Yeni Şafak yazarları, bu ara Kemalizmle kafayı bozdu. Aslında dikkatimizi çekiyor, son dönemde AK Parti yanlısı bir kesim Kemalizm düşmanlığını körüklüyor. Bunu sözde Batıcılık eleştirileriyle yapıyorlar.

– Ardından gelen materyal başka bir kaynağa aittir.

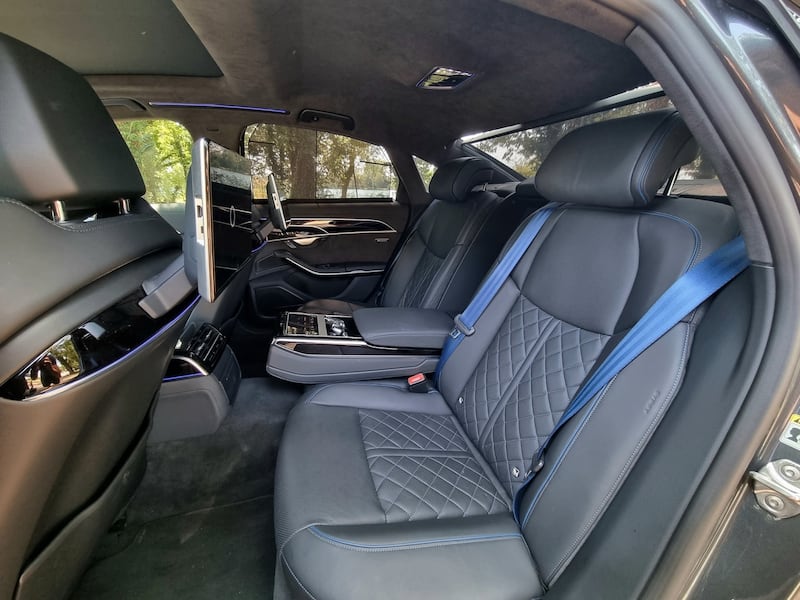 Audi A8 60 TFSI e, guarda la gallery 13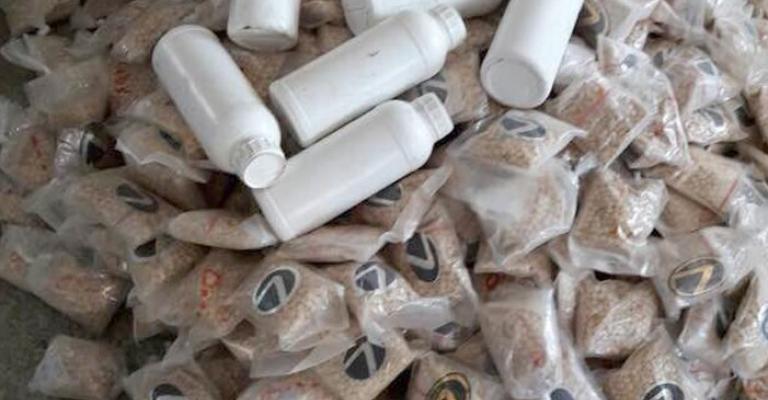 ضبط 450 ألف حبة مخدرة والقبض على 3 مطلوبين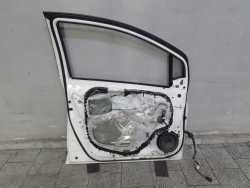 TOYOTA YARIS II LIFT 05-11 DRZWI PRZOD LEWE KPL 068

Ömer Lekesiz, “Kemalizm tarikatına doğru…” yazısında şöyle diyor:
“Sırasıyla yeni Türkiye’de saltanat ve hilafet kaldırılacak; cumhuriyet sistemi benimsenecek; Tevhid-i Tedrisat başlatılacak; şapka giyme ve Avrupaî kıyafet zorunlu olacak; tekke, zaviye ve türbeler kapatılacak; Osmanlı elifbasından Latin alfabesine geçilecek; Roma hukukuna dayalı Kara Avrupa’sının hukuk sistemi benimsenecektir.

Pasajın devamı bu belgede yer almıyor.